**WHAT THE TASK ASKS**. All that should come back is the lines of the data below from the one containing "Siberian Husky dogs" to the one containing "86768 Shortline Cir, Yulee, FL", inclusive, exactly as they stand.

___ INFORMATION SHOWN

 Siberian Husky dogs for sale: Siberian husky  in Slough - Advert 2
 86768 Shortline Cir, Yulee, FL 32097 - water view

______
___ INFORMATION SHOWN

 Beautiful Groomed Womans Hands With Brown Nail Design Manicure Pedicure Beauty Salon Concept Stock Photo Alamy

______

**EXERCISE OUTPUT**.
 Siberian Husky dogs for sale: Siberian husky  in Slough - Advert 2
 86768 Shortline Cir, Yulee, FL 32097 - water view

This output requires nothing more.